Montel McKenzie

Personal information
- Full name: Montel Brian McKenzie
- Date of birth: 31 December 1997 (age 28)
- Place of birth: Waltham Forest, London, England
- Position: Right-back

Team information
- Current team: AFC Whyteleafe

Senior career*
- Years: Team / Apps / (Gls)
- 2022–2023: Woodford Town
- 2023–2024: Hemel Hempstead Town / 51 / (1)
- 2024–2025: Billericay Town / 28 / (1)
- 2025–2026: Folkestone Invicta / 29 / (2)
- 2026–: AFC Whyteleafe / 2 / (0)

= Montel McKenzie =

English television personality and footballer (born 1997)

Montel Brian McKenzie (born 31 December 1997) is an English television personality and semi-professional footballer.
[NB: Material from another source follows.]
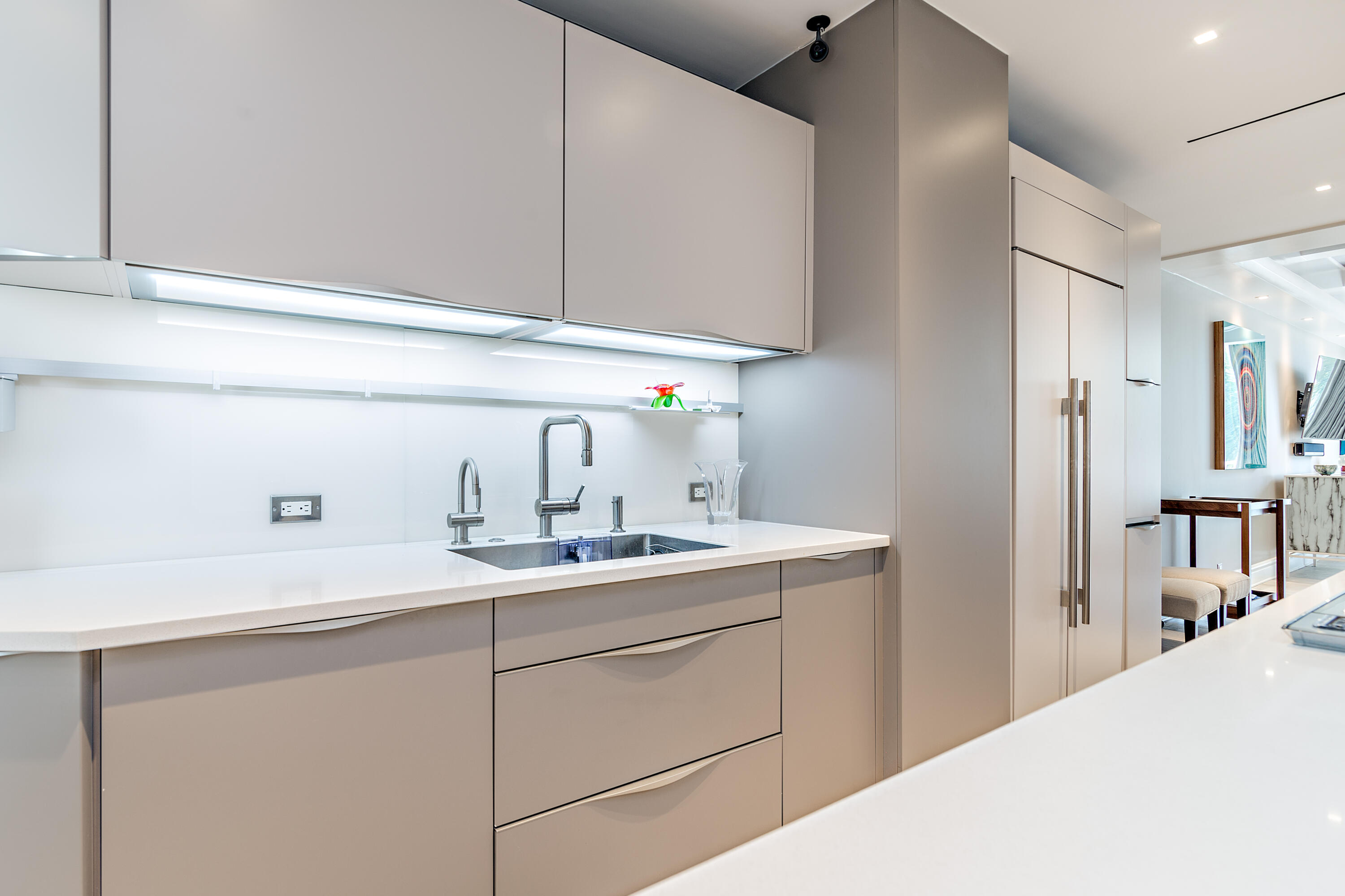 400 South Ocean Boulevard, Unit 419 Palm Beach, FL 33480 - Photo 7 of 24 a kitchen with a sink and cabinets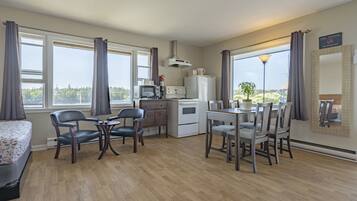 A compact hotel room with a kitchenette, a dining area, and a bed.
He currently plays as a right-back for club AFC Whyteleafe.

He is known for appearing as a contestant on the tenth series of the ITV2 dating show Love Island in 2023, as well as the second series of Love Island: All Stars in 2025.

==Early life==
Montel Brian McKenzie was born on 31 December 1997 in Waltham Forest, London. McKenzie previously worked as an account manager.

==Football career==
McKenzie has played as right-back for Woodford Town and Hemel Hempstead Town respectively

In August 2024, McKenzie joined Isthmian League Premier Division side Billericay Town. In June 2025, McKenzie joined fellow Isthmian League Premier Division side Folkestone Invicta.

On 14 March 2026, It was announced that McKenzie would be the captain of YouTuber KSI's Baller League team, Prime FC.

In June 2026, he returned to the Isthmian League Premier Division following Folkestone's promotion the previous season, joining newly promoted AFC Whyteleafe.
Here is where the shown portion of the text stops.